[Frontiers in Bioscience 14, 2212-2220, January 1, 2009]
Dickkopf-1 enhances migration of HEK293 cell by beta-catenin/E-cadherin degradation
Hai-Bin Kuang1, 2, 3, Cheng-Lin Miao1, 2, Wei-Xiang Guo1, 2, Sha Peng1, 2, Yu-Jing Cao1, En-Kui Duan1
1State Key Laboratory of Reproductive Biology, Institute of Zoology, Chinese Academy of Sciences, Beijing 100101, P.R. China, 2Graduate School of the Chinese Academy of Sciences, Beijing 100039, P.R. China, 3Department of Physiology, School of Medicine, Nanchang University, Nanchang 330006, P.R. China
TABLE OF CONTENTS
Migration is an important process during cellular activity and embryo development. We recently showed that Dickkopf-1(Dkk-1), an antagonist of Wnt/ beta-catenin signaling pathway, could promote trophoblast cell invasion during murine placentation. However, mechanism of Dkk-1 action on cell migration was not clear. The objective of this study was to further evaluate the effect of Dkk-1 on cell migration and to identify the underlining mechanisms.

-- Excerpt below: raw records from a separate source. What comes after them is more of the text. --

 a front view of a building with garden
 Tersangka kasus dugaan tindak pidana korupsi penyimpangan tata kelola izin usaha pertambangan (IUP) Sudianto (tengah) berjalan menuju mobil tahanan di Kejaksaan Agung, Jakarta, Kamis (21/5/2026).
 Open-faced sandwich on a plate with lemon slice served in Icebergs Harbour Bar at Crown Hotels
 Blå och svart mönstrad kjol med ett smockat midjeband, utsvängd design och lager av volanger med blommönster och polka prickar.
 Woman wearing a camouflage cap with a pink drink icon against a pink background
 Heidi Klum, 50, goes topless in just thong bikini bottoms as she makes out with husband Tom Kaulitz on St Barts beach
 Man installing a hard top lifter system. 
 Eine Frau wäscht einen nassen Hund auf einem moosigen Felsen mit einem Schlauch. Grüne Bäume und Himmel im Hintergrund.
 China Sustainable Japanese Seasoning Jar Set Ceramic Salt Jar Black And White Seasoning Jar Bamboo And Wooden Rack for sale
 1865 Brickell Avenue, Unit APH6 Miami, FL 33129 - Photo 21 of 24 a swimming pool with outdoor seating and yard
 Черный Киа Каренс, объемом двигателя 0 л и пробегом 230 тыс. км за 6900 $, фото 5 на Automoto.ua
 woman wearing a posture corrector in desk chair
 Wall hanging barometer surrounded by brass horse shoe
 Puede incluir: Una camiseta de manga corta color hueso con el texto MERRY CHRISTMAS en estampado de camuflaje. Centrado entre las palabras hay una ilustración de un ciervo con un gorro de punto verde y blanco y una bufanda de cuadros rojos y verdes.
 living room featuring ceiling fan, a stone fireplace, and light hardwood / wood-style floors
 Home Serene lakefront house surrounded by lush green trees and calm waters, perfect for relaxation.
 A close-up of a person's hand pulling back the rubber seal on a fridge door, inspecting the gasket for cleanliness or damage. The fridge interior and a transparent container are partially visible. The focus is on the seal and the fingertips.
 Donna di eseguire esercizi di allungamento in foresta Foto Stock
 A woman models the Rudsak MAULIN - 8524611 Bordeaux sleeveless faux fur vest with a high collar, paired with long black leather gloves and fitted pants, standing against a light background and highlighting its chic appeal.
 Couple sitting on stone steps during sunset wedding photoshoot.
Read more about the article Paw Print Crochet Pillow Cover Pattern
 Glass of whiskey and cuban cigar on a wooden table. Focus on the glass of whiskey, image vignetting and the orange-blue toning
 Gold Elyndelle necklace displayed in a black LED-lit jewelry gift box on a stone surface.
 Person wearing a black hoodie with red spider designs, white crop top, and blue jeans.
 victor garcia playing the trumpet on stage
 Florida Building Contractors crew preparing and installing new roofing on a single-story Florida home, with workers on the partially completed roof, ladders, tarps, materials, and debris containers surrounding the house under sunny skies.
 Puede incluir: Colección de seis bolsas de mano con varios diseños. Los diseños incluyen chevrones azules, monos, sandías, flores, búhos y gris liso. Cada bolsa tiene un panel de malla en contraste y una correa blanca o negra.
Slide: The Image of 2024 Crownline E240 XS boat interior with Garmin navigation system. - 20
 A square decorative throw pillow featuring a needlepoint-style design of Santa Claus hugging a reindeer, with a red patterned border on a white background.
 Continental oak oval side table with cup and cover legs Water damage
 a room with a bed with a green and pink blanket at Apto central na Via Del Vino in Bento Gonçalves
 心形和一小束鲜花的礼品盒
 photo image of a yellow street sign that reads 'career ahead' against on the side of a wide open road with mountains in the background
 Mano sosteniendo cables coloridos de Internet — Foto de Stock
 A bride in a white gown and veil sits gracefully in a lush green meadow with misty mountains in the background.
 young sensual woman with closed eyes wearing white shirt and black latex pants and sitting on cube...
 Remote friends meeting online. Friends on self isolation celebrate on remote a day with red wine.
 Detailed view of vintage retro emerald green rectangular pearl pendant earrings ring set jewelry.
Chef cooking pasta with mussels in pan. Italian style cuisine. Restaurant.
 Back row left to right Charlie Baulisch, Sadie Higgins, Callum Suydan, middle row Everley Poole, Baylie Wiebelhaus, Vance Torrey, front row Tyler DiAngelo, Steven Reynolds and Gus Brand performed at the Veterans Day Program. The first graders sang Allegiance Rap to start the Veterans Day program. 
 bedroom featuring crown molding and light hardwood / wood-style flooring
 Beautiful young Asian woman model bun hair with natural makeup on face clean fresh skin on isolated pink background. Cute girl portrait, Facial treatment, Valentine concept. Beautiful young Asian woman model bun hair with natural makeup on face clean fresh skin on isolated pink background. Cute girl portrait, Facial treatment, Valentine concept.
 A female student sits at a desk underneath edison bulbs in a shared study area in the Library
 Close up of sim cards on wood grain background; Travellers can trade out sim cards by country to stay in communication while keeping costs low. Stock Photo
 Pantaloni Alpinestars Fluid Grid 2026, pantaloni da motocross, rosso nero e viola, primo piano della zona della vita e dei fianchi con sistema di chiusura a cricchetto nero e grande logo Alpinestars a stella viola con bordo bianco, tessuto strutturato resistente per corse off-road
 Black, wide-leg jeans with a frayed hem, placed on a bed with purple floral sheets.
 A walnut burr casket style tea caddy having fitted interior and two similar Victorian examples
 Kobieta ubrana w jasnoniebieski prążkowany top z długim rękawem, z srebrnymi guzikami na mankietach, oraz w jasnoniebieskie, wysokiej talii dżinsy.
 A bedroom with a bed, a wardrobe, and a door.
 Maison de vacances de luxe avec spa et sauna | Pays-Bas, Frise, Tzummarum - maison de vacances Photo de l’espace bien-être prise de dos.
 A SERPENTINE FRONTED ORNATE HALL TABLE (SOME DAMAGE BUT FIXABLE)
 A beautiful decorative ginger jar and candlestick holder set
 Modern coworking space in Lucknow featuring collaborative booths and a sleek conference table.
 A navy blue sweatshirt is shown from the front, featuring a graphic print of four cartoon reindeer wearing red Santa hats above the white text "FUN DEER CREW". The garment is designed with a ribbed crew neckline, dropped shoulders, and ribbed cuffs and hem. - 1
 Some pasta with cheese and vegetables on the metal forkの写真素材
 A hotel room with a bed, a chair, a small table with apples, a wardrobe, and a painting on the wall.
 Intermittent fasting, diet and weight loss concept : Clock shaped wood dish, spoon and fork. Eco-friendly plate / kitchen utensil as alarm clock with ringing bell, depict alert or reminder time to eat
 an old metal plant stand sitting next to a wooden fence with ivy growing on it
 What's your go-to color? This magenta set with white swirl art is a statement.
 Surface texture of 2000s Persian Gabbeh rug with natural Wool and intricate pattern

Functional assays with stable Dkk-1 transfected HEK293 cells revealed that Dkk-1 expression increased cell migration by decreasing cell-cell adhesion, not cell-matrix adhesion. Treatment with LiCl and Genistein (widely used inhibitor of glycogen synthase kinase-3 and tyrosine protein kinase, respectively.) could inhibit the migration effect of Dkk-1, and significantly increased the membrane localization of beta-catenin and E-cadherin in HEK293 cells transfected with Dkk-1. Further data showed that HEK293 cells transfected with Dkk-1 have significantly decreased accumulation of both beta-catenin and E-cadherin at the cell membrane. Together, our data suggest that Dkk-1 stimulates the release of beta-catenin from cell membrane and facilitates cell migration which accompanies degradation of beta-catenin/E-cadherin.